Ghanaian-born Finnish politician

Lukumanu Iddrisu is a Ghanaian-Finnish HR professional, academic, and politician. In 2025, he became the first Ghanaian elected as a municipal councilor in Finland, representing the Social Democratic Party on the Vaasa City Council.

== Early life and education ==
Iddrisu was born in Tema, Ghana, and moved to Vaasa, Finland, in 2014 to pursue higher education. He obtained a Bachelor's degree in International Business from Vaasa University of Applied Sciences (VAMK), followed by a Master's degree in Strategic Business Development from the University of Vaasa. His master's thesis, titled "Employer Branding: Model for Employer Branding Practices in a Multinational Technology Company," was awarded Best Thesis in his program in 2022.

== Career ==

Upon arriving in Finland, Iddrisu began working as a cleaner while continuing his studies. Over time, he progressed into roles in human resources and project management. He has participated in initiatives aimed at supporting international students and job seekers in Finland, using his personal experiences to help others navigate Finnish society and pursue their career aspirations.

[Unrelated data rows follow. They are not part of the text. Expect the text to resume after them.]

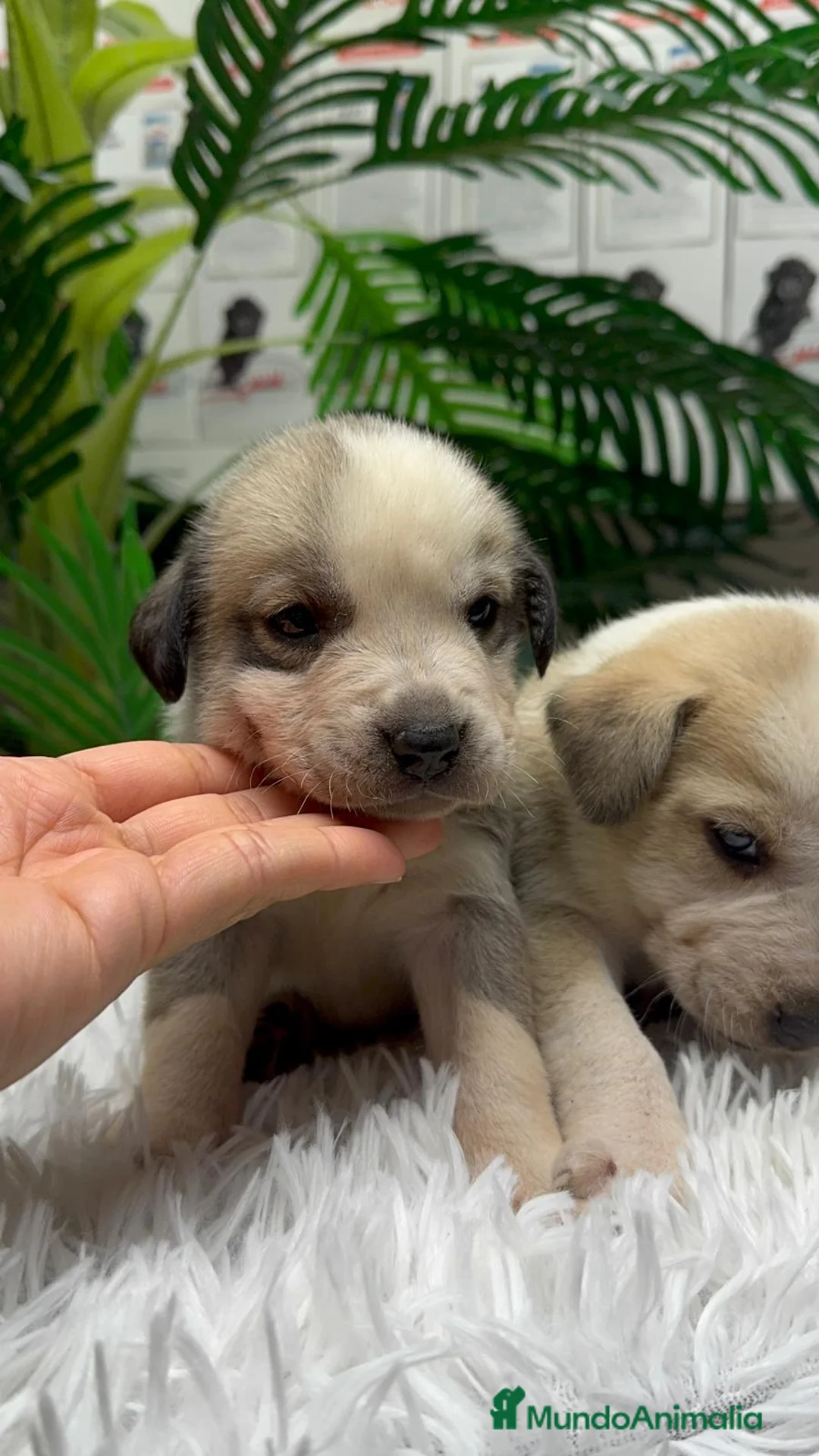 Mastín Español perros en venta: MASTIN ESPAÑOL - Anuncio 18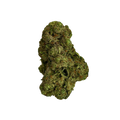 Haven Herb sativa cannabis flower close-up showing dense green buds with orange hairs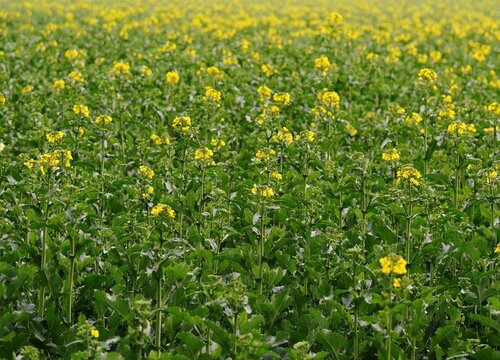 油菜花的叶子像什么形状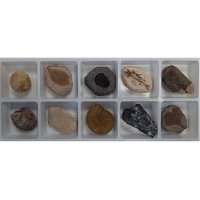 아이스크림_초등화석10종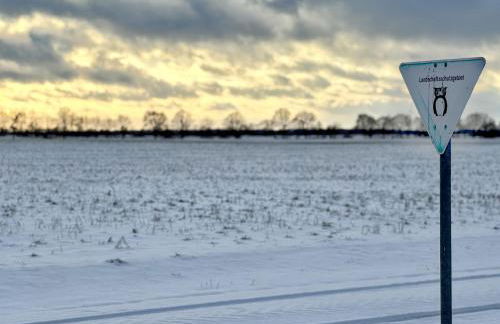 Ferienhaus Landruhe - Foto 33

== Community involvement ==
Iddrisu has been involved in initiatives focused on community development and the promotion of diversity and inclusion in Vaasa and across Finland. He has contributed to projects supporting the integration of international residents into Finnish society and has participated in activities encouraging multicultural interaction.

== Awards and recognition ==
In 2021, Iddrisu was named the first-ever Alumnus of the Year by Vaasa University of Applied Sciences, becoming the first Ghanaian to receive this recognition in Finland. The same year, he was recognized as the Best Summer Employee of the Year, an award highlighting his positive attitude and proactive approach in the workplace. In 2022, Iddrisu's master's thesis was awarded Best Thesis in the Strategic Business Development program at the University of Vaasa.

== Political career ==
In the 2025 municipal elections, Iddrisu was elected to the Vaasa City Council with 288 votes, becoming the first individual of Ghanaian origin to hold the position in Finland. He is one of three councilors on the Vaasa City Council with an international background.